Suppose I have a data frame like this:
A B C D
0 1 10 x 5
1 1 20 y 5
2 1 30 z 5
3 2 40 x 6
4 2 50 y 6
5 2 60 z 6
This, can be viewed, as a table that stores the value of B as a function of A, C, and D. Now, I would look like to transform the B column into three columns B_x, B_y, B_z, like this:
A B_x B_y B_z D
0 1 10 20 30 5
1 2 40 50 60 6
I.e., B_x stores B(A, D) when C = 'x', B_y stores B(A, D) when C = 'y', etc.
What is the most efficient way to do this?
I have a found a solution like this:
frames = []
for c, subframe in df.groupby('C'):
subframe = subframe.rename(columns={'B': f'B_{c}'})

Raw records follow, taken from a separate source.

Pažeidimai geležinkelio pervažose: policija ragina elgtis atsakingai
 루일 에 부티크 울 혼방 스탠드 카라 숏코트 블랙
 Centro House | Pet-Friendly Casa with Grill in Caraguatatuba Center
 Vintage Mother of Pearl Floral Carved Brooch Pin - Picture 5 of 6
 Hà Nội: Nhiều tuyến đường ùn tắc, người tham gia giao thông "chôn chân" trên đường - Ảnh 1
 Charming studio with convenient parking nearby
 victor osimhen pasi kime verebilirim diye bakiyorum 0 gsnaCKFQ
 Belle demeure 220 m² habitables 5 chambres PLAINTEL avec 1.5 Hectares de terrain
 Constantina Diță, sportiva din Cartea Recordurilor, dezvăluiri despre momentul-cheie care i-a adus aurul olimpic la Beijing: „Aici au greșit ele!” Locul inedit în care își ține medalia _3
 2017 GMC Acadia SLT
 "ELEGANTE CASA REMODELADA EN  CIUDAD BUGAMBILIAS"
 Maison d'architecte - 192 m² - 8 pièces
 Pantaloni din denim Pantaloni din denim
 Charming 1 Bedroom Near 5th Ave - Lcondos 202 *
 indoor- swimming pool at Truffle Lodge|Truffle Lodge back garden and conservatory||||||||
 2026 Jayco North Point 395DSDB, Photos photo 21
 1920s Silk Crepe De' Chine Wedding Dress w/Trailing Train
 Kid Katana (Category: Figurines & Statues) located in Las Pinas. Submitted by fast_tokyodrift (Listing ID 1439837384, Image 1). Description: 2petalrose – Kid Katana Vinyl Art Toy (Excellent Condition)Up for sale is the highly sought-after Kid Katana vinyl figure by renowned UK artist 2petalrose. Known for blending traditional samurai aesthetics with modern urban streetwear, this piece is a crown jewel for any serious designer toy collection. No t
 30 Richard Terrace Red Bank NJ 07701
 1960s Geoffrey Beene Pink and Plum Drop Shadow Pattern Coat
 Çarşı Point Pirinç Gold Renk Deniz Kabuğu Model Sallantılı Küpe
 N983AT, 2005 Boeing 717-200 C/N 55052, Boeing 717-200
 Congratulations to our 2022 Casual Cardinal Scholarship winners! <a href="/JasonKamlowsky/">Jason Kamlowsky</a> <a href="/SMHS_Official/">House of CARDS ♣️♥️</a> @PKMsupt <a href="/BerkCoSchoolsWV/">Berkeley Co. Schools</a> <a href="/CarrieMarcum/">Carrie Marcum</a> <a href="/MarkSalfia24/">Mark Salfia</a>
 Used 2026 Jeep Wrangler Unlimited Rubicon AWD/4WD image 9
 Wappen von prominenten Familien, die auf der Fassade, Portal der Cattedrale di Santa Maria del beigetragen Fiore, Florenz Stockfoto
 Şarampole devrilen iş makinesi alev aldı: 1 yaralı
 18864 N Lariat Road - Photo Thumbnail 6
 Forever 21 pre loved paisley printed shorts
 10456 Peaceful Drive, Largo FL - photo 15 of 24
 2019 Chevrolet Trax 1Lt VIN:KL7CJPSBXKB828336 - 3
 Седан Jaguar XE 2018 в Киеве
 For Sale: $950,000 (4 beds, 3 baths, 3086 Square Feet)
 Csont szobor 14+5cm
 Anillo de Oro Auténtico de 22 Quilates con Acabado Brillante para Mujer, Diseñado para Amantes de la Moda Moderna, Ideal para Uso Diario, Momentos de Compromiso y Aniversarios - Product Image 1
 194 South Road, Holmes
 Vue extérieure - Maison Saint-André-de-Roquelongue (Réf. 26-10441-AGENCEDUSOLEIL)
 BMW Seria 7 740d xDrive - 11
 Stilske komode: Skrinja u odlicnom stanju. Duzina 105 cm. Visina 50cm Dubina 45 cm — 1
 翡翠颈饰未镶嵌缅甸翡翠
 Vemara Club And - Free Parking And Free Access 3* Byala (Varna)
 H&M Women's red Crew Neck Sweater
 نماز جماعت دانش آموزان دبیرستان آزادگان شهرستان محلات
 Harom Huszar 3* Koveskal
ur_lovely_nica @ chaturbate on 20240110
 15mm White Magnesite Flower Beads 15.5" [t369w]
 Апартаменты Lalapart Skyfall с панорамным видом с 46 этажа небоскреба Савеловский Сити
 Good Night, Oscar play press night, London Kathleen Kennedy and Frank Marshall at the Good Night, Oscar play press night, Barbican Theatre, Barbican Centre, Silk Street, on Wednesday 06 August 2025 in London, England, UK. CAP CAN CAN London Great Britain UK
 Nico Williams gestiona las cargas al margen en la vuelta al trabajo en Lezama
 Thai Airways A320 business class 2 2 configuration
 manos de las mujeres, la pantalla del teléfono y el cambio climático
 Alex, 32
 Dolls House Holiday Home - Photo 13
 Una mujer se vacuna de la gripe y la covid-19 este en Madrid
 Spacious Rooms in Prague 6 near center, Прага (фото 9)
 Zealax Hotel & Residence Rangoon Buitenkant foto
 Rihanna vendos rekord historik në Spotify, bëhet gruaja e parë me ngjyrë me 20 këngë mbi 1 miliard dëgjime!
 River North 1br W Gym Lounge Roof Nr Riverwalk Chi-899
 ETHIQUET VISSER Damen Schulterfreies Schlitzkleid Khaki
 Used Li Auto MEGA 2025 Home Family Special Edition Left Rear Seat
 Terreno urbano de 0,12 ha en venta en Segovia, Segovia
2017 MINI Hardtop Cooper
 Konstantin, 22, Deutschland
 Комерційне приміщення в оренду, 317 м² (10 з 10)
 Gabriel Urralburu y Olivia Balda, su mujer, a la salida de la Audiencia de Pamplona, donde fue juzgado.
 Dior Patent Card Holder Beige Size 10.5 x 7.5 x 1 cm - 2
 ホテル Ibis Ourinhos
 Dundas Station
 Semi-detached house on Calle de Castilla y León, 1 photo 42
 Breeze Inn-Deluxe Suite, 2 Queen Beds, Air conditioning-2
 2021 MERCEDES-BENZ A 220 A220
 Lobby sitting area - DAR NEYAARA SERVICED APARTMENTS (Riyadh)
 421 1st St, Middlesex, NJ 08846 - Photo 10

subframe = subframe.set_index(['A', 'D'])
del subframe['C']
frames.append(subframe)
out = frames[0]
for frame in frames[1:]:
out = out.join(frame)
out = out.reset_index()
This gives the correct response, but I feel that it is highly inefficient. I am also not too happy with the fact that to implement this solution one would need to know which columns should not get the prefix in column C explicitly. (In this MWE there were only two of them, but there could be tens in real life.)
Is there a better solution? I.e., a method that says, take a column as a suffix column (in this case C) and a set of 'value' columns (in this case only B); turn the value column names into name_prefix and fill them appropriately?